Layanan pesantren diharapkan semakin maju dengan fasilitas baru. KH Arip Somantri berharap fasilitas digital ini menjadi lompatan bagi pelajar untuk mengakses sumber belajar. “Kami tidak hanya mengetahui teknologi, tapi juga mengetahui bagaimana memanfaatkannya untuk pembelajaran,” katanya.
Penerimaan ini menjadi bukti bahwa dana umat bisa berbuah. Investasi dalam pendidikan digital bukan hanya simbol, tapi langkah konkret untuk meningkatkan kualitas layanan pesantren.

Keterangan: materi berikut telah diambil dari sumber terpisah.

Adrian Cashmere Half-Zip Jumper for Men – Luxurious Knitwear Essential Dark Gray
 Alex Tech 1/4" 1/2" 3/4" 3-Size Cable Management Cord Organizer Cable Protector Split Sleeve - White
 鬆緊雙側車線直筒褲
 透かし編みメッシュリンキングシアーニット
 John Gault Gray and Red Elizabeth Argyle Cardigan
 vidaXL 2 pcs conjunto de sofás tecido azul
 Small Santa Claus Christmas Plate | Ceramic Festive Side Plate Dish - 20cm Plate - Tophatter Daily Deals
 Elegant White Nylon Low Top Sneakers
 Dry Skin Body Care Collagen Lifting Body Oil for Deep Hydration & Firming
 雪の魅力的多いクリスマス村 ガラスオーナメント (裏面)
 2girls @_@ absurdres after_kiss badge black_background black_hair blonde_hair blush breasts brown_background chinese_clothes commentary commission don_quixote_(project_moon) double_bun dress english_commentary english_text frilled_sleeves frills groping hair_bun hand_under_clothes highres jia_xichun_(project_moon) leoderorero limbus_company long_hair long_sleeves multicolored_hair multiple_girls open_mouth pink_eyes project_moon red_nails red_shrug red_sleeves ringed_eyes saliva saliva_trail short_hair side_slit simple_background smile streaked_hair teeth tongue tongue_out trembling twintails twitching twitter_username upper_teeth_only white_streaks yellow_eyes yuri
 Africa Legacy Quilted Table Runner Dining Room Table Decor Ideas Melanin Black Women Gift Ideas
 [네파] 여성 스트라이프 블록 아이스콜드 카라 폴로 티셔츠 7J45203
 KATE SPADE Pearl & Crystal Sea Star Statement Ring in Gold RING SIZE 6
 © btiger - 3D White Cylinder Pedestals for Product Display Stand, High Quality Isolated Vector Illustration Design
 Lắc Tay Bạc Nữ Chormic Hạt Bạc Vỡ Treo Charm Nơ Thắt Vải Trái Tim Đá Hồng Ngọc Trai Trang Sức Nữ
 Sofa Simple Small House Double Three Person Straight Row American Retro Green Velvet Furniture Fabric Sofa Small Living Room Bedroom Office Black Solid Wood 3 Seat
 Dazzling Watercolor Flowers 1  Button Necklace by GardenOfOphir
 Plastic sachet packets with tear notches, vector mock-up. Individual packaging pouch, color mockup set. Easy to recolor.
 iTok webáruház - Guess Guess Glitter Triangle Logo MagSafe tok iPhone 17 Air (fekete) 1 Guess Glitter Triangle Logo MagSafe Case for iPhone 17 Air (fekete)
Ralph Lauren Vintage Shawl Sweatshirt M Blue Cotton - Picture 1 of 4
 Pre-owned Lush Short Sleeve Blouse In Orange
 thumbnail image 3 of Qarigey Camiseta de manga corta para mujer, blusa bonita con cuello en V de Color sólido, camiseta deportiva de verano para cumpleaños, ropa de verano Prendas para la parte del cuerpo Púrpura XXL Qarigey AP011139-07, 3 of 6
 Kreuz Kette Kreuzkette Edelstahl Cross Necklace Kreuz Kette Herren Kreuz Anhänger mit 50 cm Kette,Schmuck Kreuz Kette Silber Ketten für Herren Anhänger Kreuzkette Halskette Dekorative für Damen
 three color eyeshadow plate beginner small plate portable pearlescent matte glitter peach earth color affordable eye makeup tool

Semakin cepat penyesuaian dengan era digital, semakin besar peluang bagi pesantren untuk berkembang dengan sistem yang modern dan terorganisasi.
Baca juga Berita lainnya di News Page

Saya adalah jurnalis di thecuy.com yang fokus menghadirkan berita terkini, analisis mendalam, dan informasi terpercaya seputar perkembangan dunia finansial, bisnis, teknologi, dan isu-isu terkini yang relevan bagi pembaca Indonesia.
Sebagai jurnalis, saya berkomitmen untuk:
Menyajikan berita yang akurasi dan faktanya terverifikasi.
Menulis dengan bahasa yang mudah dipahami, namun tetap menjaga integritas jurnalistik.
Menghadirkan laporan mendalam yang memberi perspektif baru bagi pembaca.
Di thecuy.com, saya tidak hanya melaporkan berita, tetapi juga berupaya menganalisis tren agar pembaca dapat memahami konteks di balik setiap peristiwa.
📌 Bidang Liputan Utama:
Berita Terbaru & ekonomi, keuangan.
Perkembangan teknologi dan inovasi digital.
Tren bisnis dan investasi.
Misi saya adalah membantu pembaca mendapatkan informasi yang cepat, akurat, dan dapat dipercaya, sehingga mereka bisa membuat keputusan yang lebih cerdas dalam kehidupan sehari-hari maupun dunia usaha.